>>

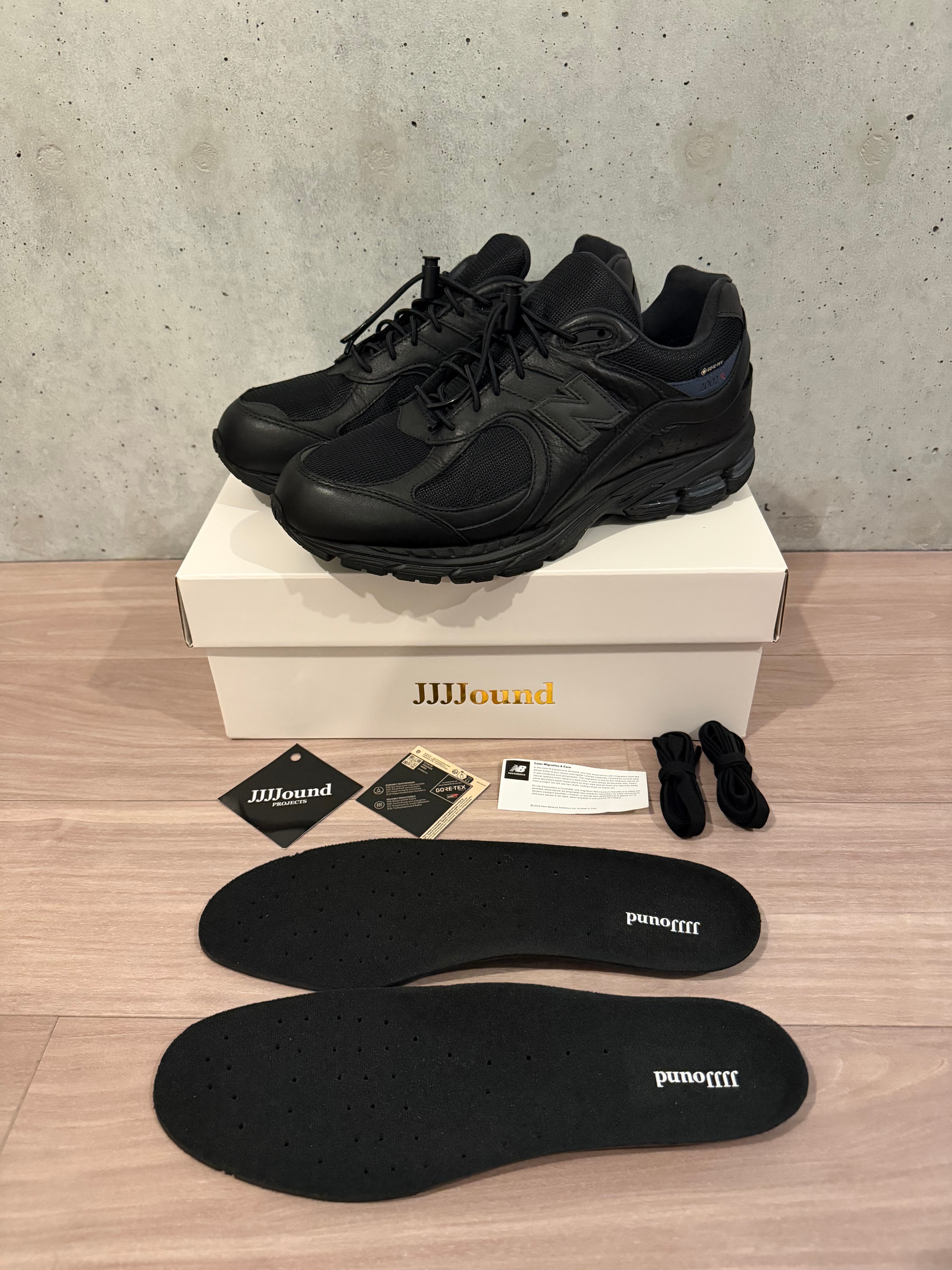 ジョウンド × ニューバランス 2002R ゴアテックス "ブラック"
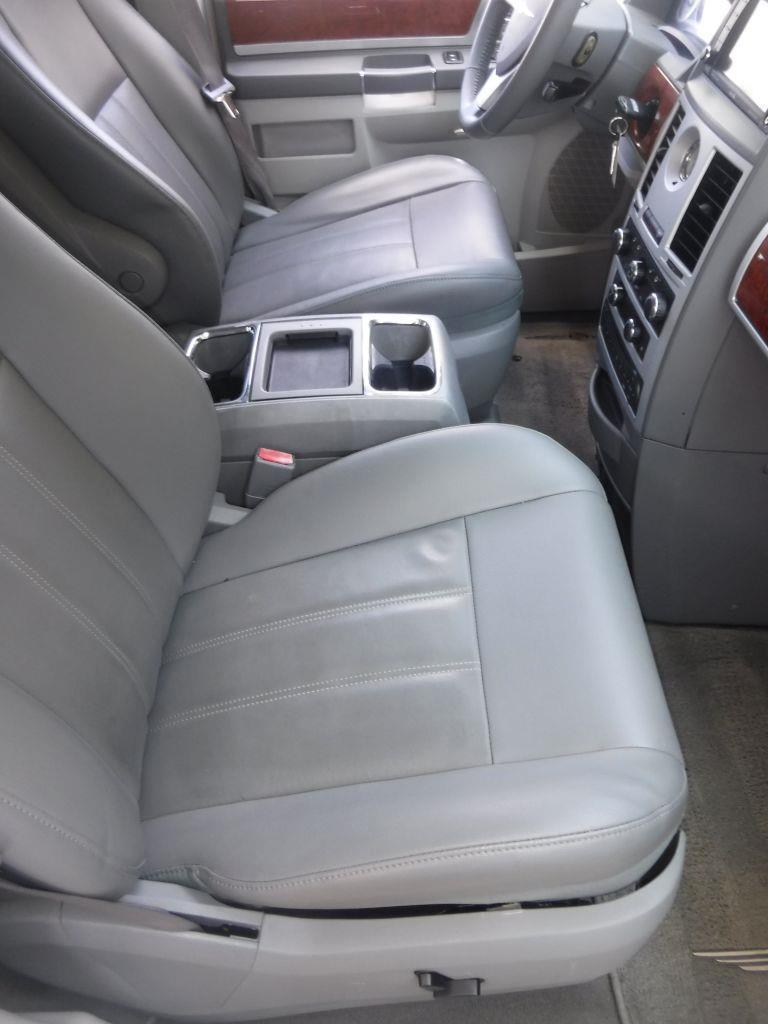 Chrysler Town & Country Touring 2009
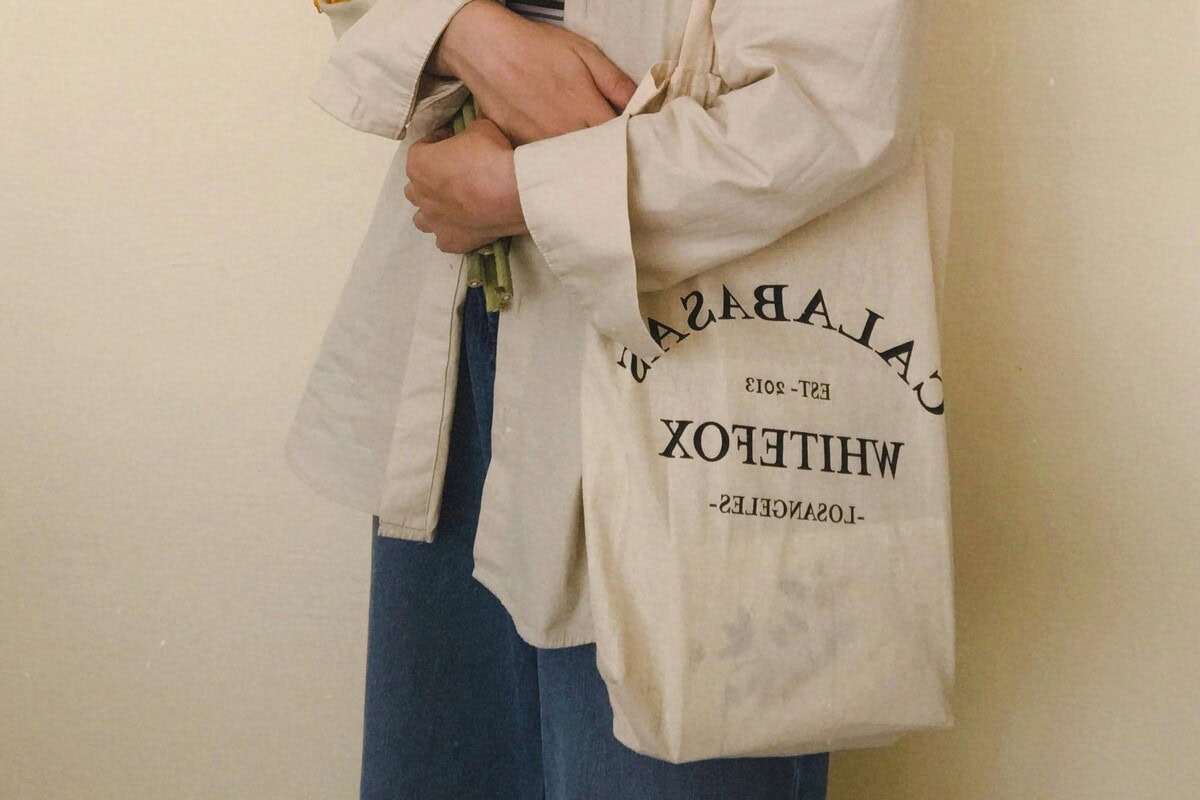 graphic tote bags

<<

## What the task requires
All of the lines above should be copied exactly, apart from the pictures.

## Exercise answer
 ジョウンド × ニューバランス 2002R ゴアテックス "ブラック"
 Chrysler Town & Country Touring 2009
 graphic tote bags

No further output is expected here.